Today we really don’t put much thought into the way we store our data. Yet
people all over the country and the world save data that is important for many
reasons each day onto media that may not last the decade, much less the
century.
For a lot of people, the most important bits and bytes of data are more
personal in nature. Things like digital images for our children, family and
friends -- the sort of data that only 20 years ago would have been on film or a
photo produced via traditional processing methods. Today we archive our photos
on external hard drives, CDs and DVDs.
The problem with the archival formats we use today is twofold. The first
issue concerns whether the media
itself will last long enough for data integrity and secondly, even if the
media will last for the next decade or more, will the needed hardware and
software to read the files be available.
Vita Paladino, director of Boston University’s Howard Gotlieb Archival
Research Center told The Boston Globe, “Who knows how long they're
[digital media] going to last - how much time before the information on a zip
disk just goes into heaven, cyberspace heaven."
A perfect example is the 5.25-inch floppy disk. Around the country there are
untold numbers of these discs with potentially valuable information on them
that may well still be viable. The problem is reading the discs; 5.25-inch
floppy readers simply aren’t widely available.
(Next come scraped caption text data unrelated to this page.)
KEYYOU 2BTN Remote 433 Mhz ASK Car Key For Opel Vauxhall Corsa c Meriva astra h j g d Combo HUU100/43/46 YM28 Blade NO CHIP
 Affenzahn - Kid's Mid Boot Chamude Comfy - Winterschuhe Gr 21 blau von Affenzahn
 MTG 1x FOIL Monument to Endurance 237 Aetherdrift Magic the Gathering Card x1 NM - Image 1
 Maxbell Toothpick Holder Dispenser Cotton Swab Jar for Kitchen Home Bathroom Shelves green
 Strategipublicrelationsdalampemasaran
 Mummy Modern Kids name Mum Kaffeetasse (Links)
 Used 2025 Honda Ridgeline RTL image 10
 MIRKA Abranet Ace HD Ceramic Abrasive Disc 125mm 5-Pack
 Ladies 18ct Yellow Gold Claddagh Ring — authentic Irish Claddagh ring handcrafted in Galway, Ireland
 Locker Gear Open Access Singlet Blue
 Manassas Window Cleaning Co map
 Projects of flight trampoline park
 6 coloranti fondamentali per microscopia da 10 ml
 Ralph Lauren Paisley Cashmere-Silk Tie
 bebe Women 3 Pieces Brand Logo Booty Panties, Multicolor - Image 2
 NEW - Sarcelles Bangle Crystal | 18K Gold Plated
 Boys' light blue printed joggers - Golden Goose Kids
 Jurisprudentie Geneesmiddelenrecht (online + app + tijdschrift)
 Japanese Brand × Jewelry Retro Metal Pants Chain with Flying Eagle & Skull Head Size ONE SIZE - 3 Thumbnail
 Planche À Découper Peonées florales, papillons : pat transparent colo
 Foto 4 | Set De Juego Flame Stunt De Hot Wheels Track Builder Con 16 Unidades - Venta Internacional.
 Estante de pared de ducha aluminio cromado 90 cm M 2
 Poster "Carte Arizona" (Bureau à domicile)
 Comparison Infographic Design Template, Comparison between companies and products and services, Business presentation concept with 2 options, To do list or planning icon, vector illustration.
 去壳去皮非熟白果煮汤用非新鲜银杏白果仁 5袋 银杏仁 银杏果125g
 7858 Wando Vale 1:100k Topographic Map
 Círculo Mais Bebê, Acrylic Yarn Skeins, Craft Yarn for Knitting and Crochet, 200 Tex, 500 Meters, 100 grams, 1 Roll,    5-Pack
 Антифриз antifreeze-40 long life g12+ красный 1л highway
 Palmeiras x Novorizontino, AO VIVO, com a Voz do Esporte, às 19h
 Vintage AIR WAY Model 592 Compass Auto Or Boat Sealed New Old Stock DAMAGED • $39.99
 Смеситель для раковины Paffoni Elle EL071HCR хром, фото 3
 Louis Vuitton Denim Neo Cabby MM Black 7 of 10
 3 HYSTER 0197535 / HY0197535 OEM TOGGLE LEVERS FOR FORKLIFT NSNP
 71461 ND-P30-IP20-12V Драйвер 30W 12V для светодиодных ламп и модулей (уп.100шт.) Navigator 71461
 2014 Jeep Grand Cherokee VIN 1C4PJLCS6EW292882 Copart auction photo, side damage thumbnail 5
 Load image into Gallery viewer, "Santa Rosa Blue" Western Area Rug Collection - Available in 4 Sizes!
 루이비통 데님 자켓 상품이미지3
This exact problem poses a significant obstacle for data archivists.
Francine Berman, director of the University of California San Diego
Supercomputer Center and head of a digital protection taskforce told The
Boston Globe, “You can file and forget a book, but our storage media will
see the next generation every two to five years, and if we want to keep that
material we have to carefully migrate it from one generation to the next."
Archiving digital data and migrating it to newer forms of storage as the
need presents will present a daunting task over the next several years to those
tasked with archiving it. The world’s
data is estimated to reach 1.8 zettabytes by 2011.